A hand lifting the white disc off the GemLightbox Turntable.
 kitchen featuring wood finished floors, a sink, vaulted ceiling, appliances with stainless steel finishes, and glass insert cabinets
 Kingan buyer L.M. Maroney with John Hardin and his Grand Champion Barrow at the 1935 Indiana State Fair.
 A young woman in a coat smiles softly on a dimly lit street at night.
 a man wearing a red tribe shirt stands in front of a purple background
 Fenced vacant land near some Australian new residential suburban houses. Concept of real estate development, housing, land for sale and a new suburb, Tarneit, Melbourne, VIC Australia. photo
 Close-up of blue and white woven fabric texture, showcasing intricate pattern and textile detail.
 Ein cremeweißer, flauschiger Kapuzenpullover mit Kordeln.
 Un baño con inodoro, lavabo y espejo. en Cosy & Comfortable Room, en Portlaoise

▶ THE TASK
In the listing above, find the line with "Kingan buyer L.M." and the line with "a man wearing"; set down exactly those two lines and every line between them, nothing more.

▶ RESPONSE BELOW
 Kingan buyer L.M. Maroney with John Hardin and his Grand Champion Barrow at the 1935 Indiana State Fair.
 A young woman in a coat smiles softly on a dimly lit street at night.
 a man wearing a red tribe shirt stands in front of a purple background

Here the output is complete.